# Floor slab for extension



## Darlofan (Nov 24, 2010)

Planning just gone in for utility room, shower/downstairs loo, porch, replace garage and rear extension. Doing it mostly myself so will be in stages with utility room, porch loo first.
Wondering how you guys would lay the slab?

Watching youtube etc the way seems to be hardcore, sand, damp membrane, insulation, concrete then screed.


----------



## Kev.O (Dec 10, 2015)

I'm pretty sure we never used sand on top of the hardcore when we done ours, other than that seems spot on.


----------



## dholdi (Oct 1, 2008)

I put the insulation on top of the concrete because we have underfloor heating, apart from that the same.


----------



## dholdi (Oct 1, 2008)

The sand blinding is to stop the hardcore puncturing the dpm.


----------



## Kev.O (Dec 10, 2015)

dholdi said:


> The sand blinding is to stop the hardcore puncturing the dpm.


Good point, I was at work at the time and obviously didn't realise the sand missing from the pile on the drive.


----------



## Darlofan (Nov 24, 2010)

dholdi said:


> I put the insulation on top of the concrete because we have underfloor heating, apart from that the same.

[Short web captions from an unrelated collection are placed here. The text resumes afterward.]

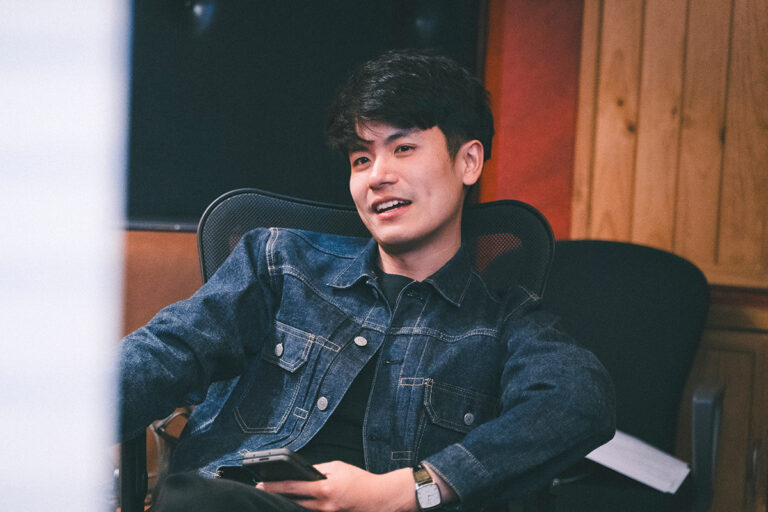 ax'an อาสาฬห์ กรีพลฤกษ์ - ห้องอัดเสียง Debut Single
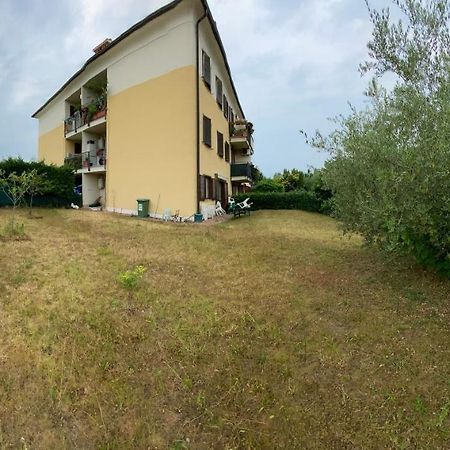 Condominio Tigli Cavalcaselle Eksteriør billede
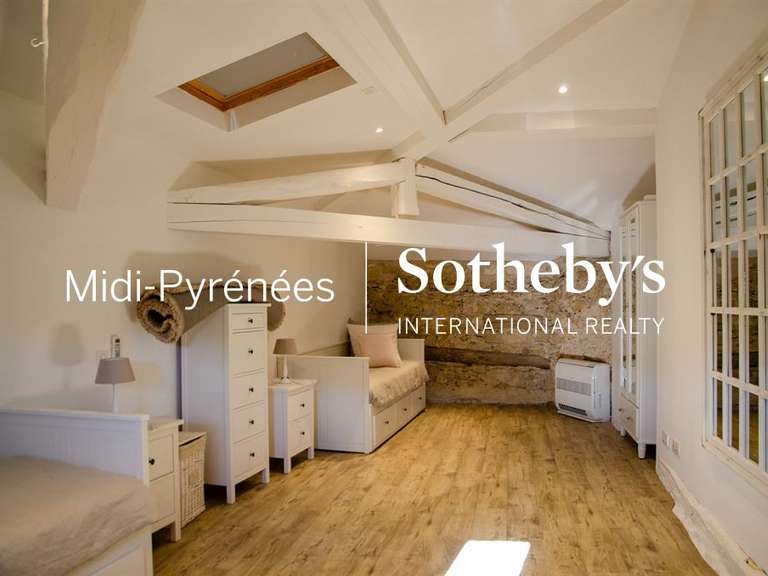 House Lavaur - 5 bedrooms - 397m²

No UFL in this part but will be in the rear and kitchen part.


----------



## Darlofan (Nov 24, 2010)

The screed bit worries me as we had that in conservatory of last house but it was never level so bugged me (I didn't do it). It was the 1st time I'd seen screed(sand/cement mix) used and up till then thought slabs were just concrete then tamped level and smooth.


----------



## wish wash (Aug 25, 2011)

Just make sure you follow building regs then you can't go wrong


----------